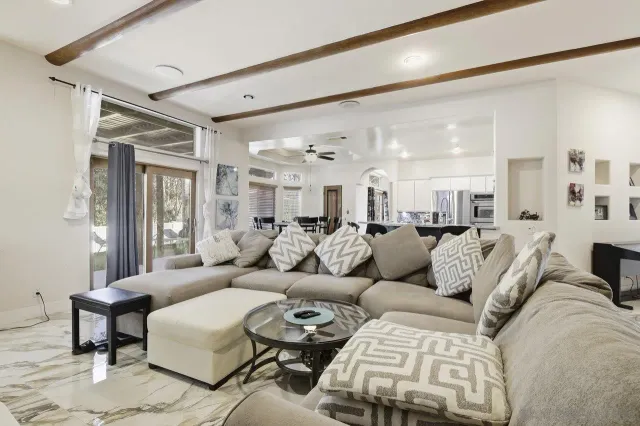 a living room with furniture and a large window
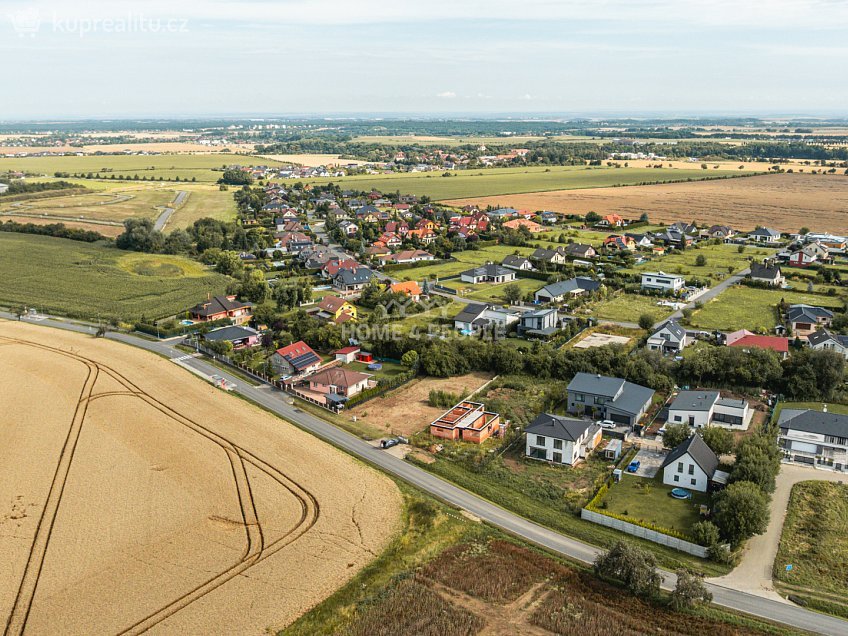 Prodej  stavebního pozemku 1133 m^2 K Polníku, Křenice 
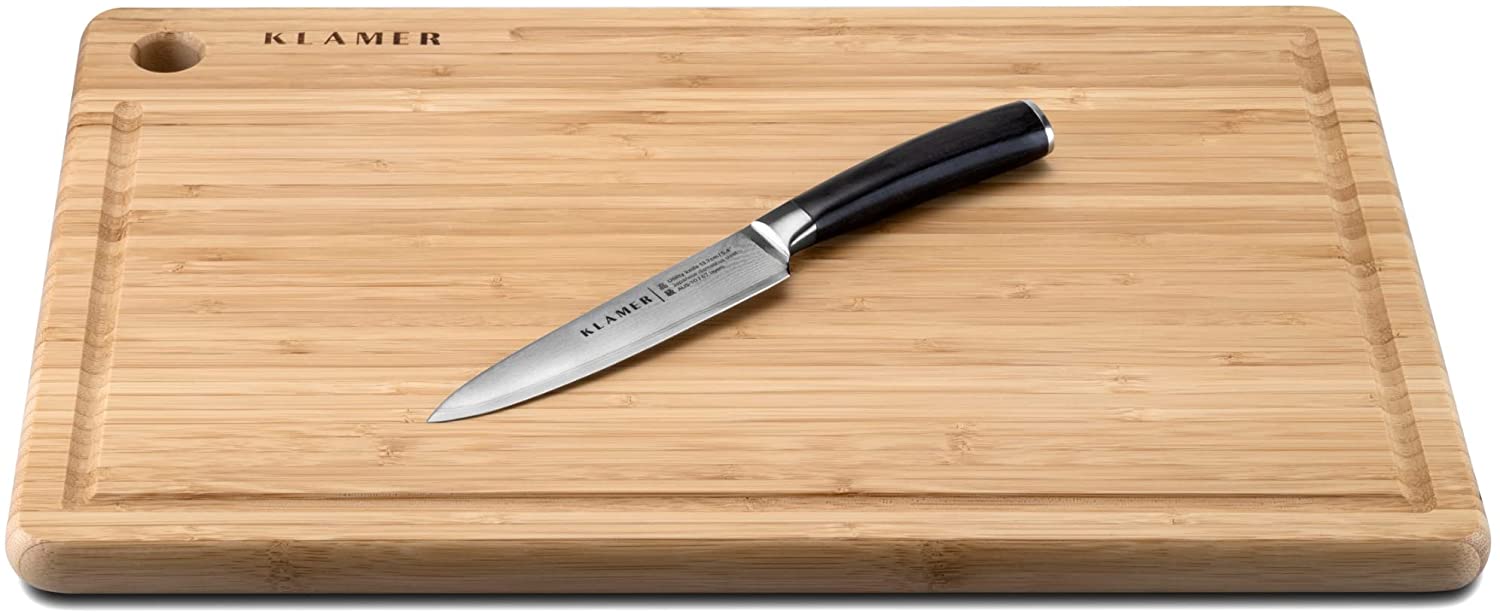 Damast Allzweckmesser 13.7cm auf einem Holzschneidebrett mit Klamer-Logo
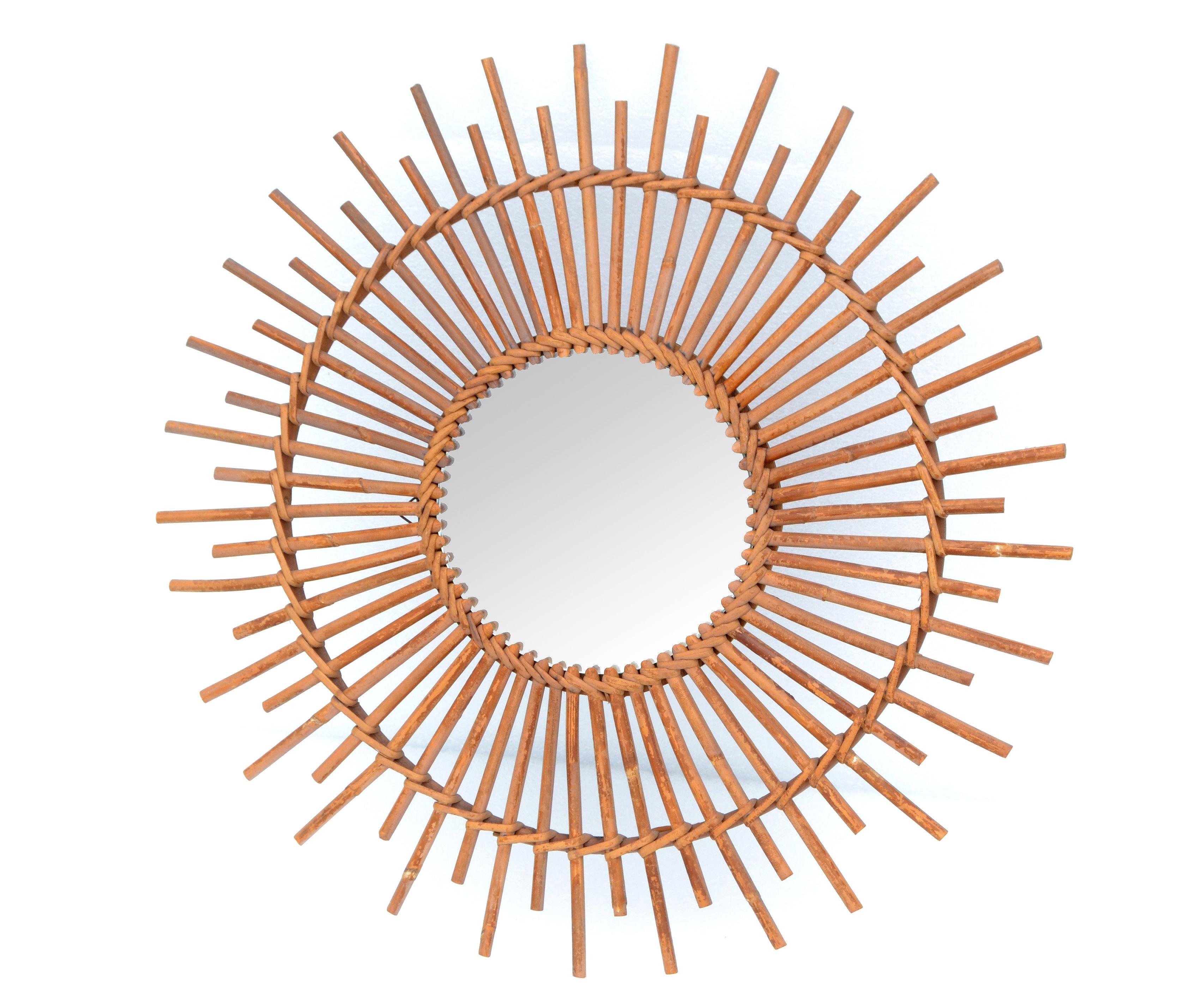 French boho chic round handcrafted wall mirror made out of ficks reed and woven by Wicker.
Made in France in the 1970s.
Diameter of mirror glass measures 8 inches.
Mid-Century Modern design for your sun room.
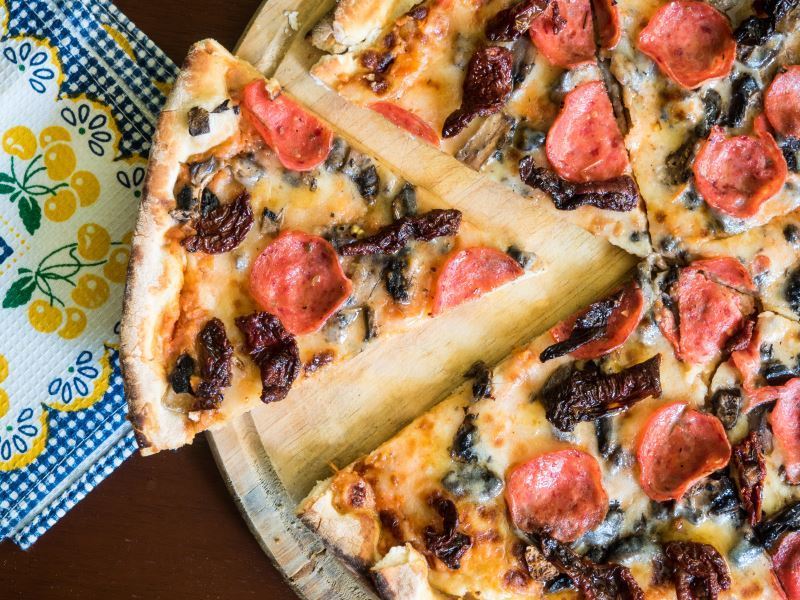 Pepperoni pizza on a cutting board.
^^^^^^^^
* WORK ITEM *
Please return exactly the lines above, from where the listing starts to the line holding "Made in France in the 1970s.", inclusive, with the pictures omitted.

* SOLUTION TO THIS PROBLEM *
 a living room with furniture and a large window
 Prodej  stavebního pozemku 1133 m^2 K Polníku, Křenice 
 Damast Allzweckmesser 13.7cm auf einem Holzschneidebrett mit Klamer-Logo
 French boho chic round handcrafted wall mirror made out of ficks reed and woven by Wicker.
Made in France in the 1970s.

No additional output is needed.